Is Israel a European country?

That is the core question. The notion that Israel is a European colony within the middle east has been the founding principle of those opposed to the existence of Israel since 1948. The notion that Israel as not a colony but an experiment in hope - that a multi-ethnic country of Jews and Arabs could exist in the middle east - will be dead if Israel joins NATO because the issue goes back to colonialism: is it right or wrong for there to be a European colony in the middle east? Middle Easterners (and anti-colonialists everywhere) will always answer that question in the negative.

Saturday, September 22, 2007 12:51 PM

Way to go KitchenGirl

But you should probably just let Anonymous Fascist be. You're gonna give youself an ulcer. Those who are eager to lock up/taser/shoot eccentrics who make them feel uncomfortable aren't worth the time.

Monday, September 24, 2007 07:40 AM

The Iranians are sending weapons into Iraq!

Good thing we don't do that sort of thing.

They're also sending in adviors!

Good thing we... oh, you get the idea. The difference between what the Iranians are doing in Iraq and what the US is doing, is that the Iraqis generally seem to want the Iranians there. Either there will be never-ending war in that part of the world, or Iraq will become a full and friendly ally of Iran. Guess which option our right-wing seems to prefer?

Oh, and the 'anonymous' who's repeatedly posting reminds me of an old and predictable Salon troll, RealName, who seems to have gone underground.

Monday, September 24, 2007 02:47 PM
Original article: Lee Bollinger's big moment

@typesbad

Yes, all these people are making Ahmadinejad look reasonable, which isn't easy to do.
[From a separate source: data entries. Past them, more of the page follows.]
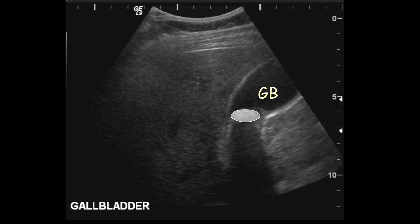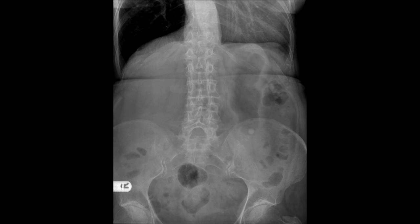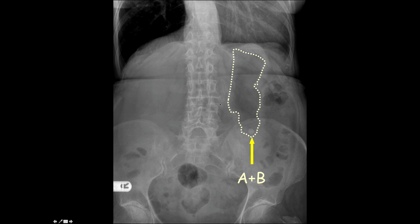On this abdominal x-ray, the bowel gas pattern is normal. There is a well-defined, very circular opacity visible — most of the time, if you spot a well-defined circular opacity, think about man-made objects. This is a tablet in the stomach, visible within the stomach gas shadow. So that covers A — additional opacity — and B — bowel gas pattern.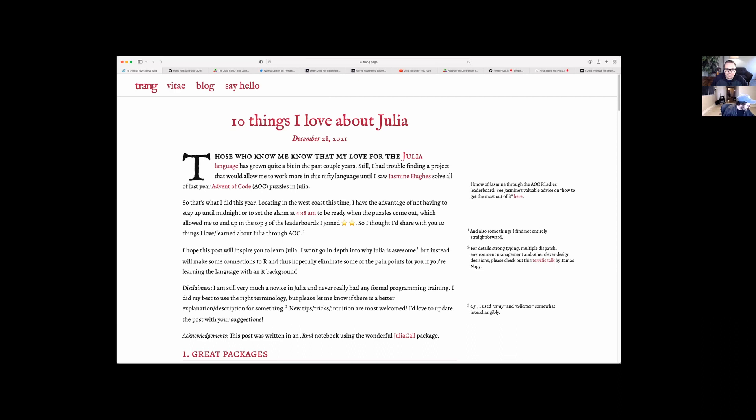The first thing I want to share is this really awesome article I found by Trang Le, which is '10 Things I Love About Julia.' Trang wrote this from the perspective of someone who has an R background. I come from a Python background, but there's still a lot of really cool things I learned from reading the article. She talks about how she used Julia for the 2021 Advent of Code puzzles.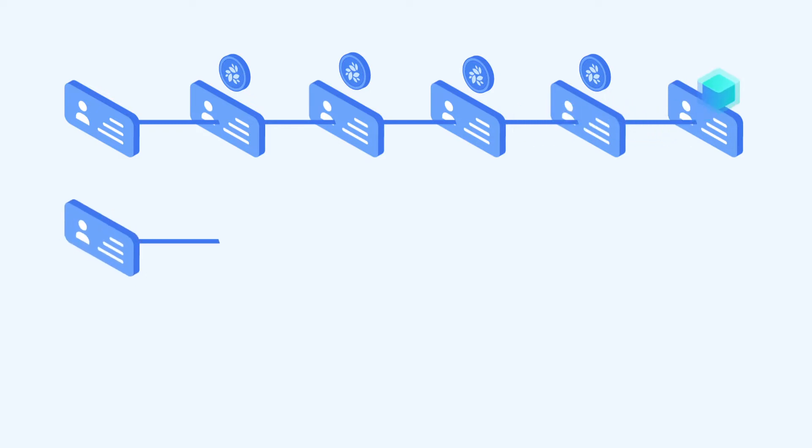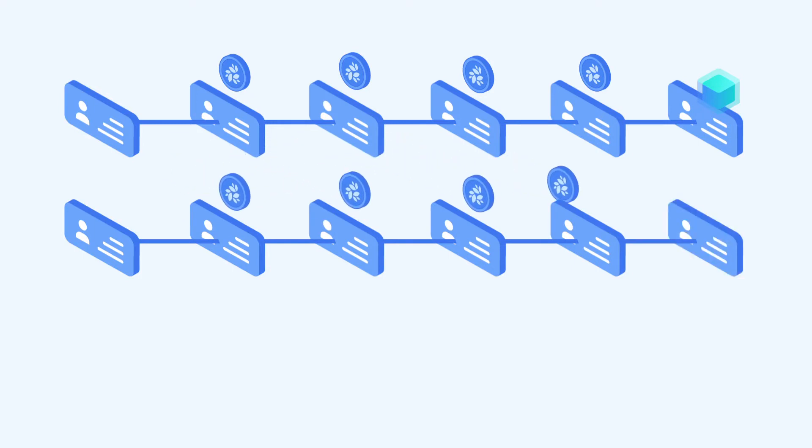Each block contains multiple signature chain transactions. Each node can participate in multiple signature chain transactions.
Protesters claim they don't want Ahmadinejad spewing his 'hate,' when Bollinger boils over with it. Bollinger has the nerve to call him an intellectual coward? Who's speaking to 'the enemy' on their home turf? Every criticism I've ever seen leveled at Iran, valid though it may be, pales in comparison to what can be said about Saudi Arabia. A dictatorship? Treatment of women and homosexuals? Yet, when was the last time there were mass protests when the Saudi crown prince was visiting? Oh yeah, they're 'our brave friends.'

Tuesday, September 25, 2007 09:51 AM

Hmm.

Is Bush taking it for granted that Clinton is going to be the next president?

Well that's interesting in and of itself.